*INFORMATION*:

..............................

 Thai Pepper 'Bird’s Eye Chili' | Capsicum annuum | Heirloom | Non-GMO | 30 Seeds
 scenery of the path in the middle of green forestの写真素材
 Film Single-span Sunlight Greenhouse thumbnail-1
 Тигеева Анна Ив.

..............................

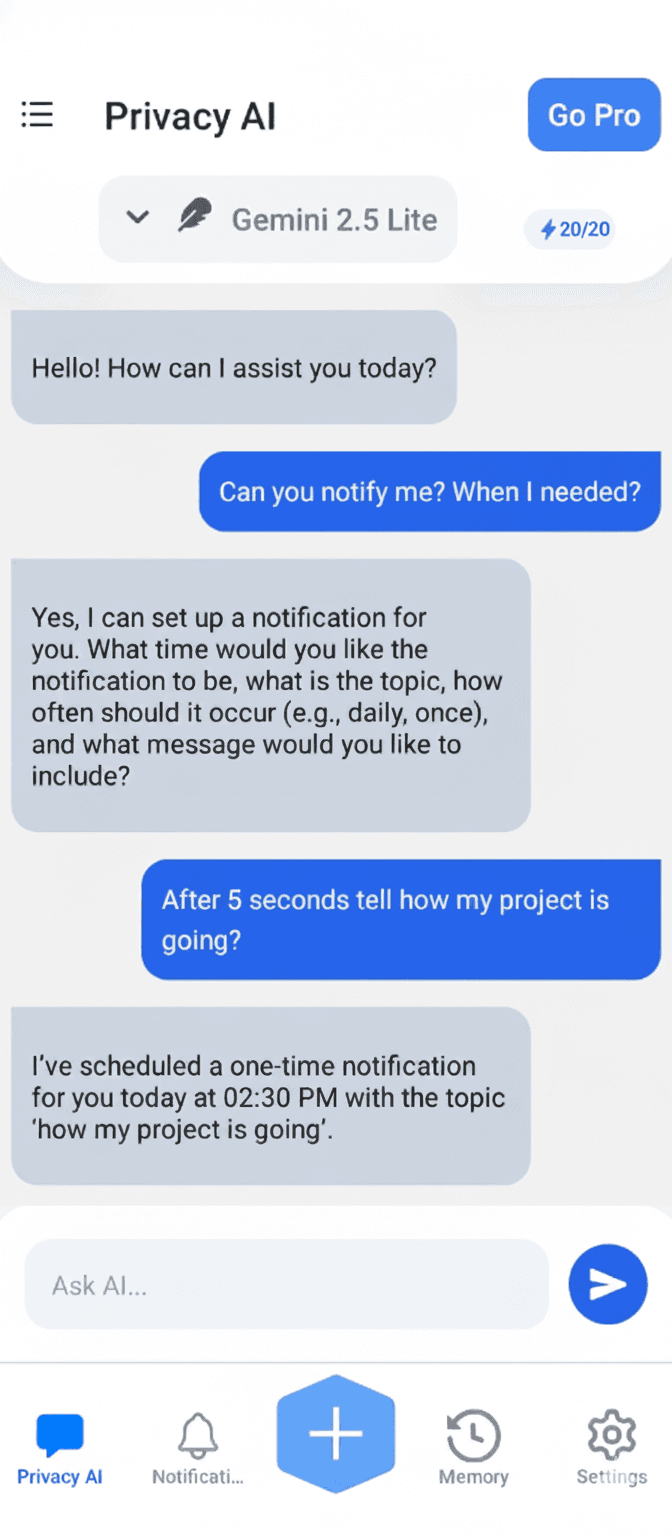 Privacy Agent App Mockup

..............................

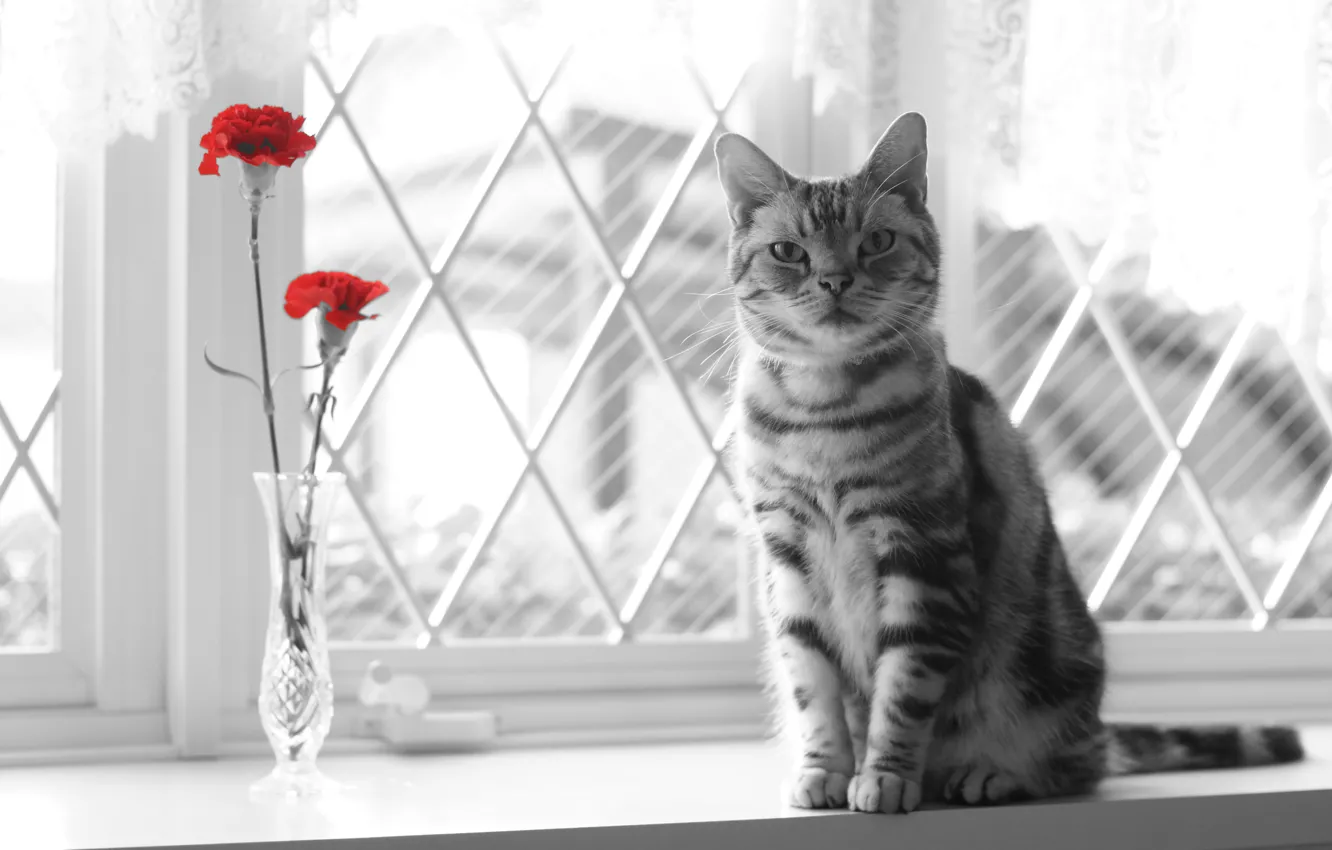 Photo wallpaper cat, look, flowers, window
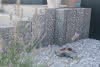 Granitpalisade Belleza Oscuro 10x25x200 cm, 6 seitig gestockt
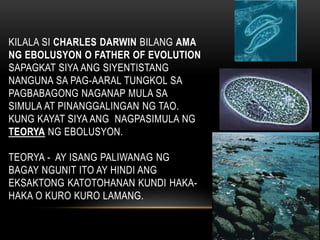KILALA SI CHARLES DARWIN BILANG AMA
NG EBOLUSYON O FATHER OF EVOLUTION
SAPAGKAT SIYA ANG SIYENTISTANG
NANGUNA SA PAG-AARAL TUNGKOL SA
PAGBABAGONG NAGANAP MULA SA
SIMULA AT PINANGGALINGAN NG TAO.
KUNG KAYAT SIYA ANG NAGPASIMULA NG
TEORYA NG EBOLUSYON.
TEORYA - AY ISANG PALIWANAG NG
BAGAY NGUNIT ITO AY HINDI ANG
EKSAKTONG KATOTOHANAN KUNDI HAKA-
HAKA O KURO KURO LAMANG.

..............................

*WORK INSTRUCTIONS*: Out of the data above, transcribe exactly and only the lines starting with the line that has "Thai Pepper 'Bird’s" and going on through the line that has "Тигеева Анна Ив.", both included.

*EXERCISE OUTPUT*:
 Thai Pepper 'Bird’s Eye Chili' | Capsicum annuum | Heirloom | Non-GMO | 30 Seeds
 scenery of the path in the middle of green forestの写真素材
 Film Single-span Sunlight Greenhouse thumbnail-1
 Тигеева Анна Ив.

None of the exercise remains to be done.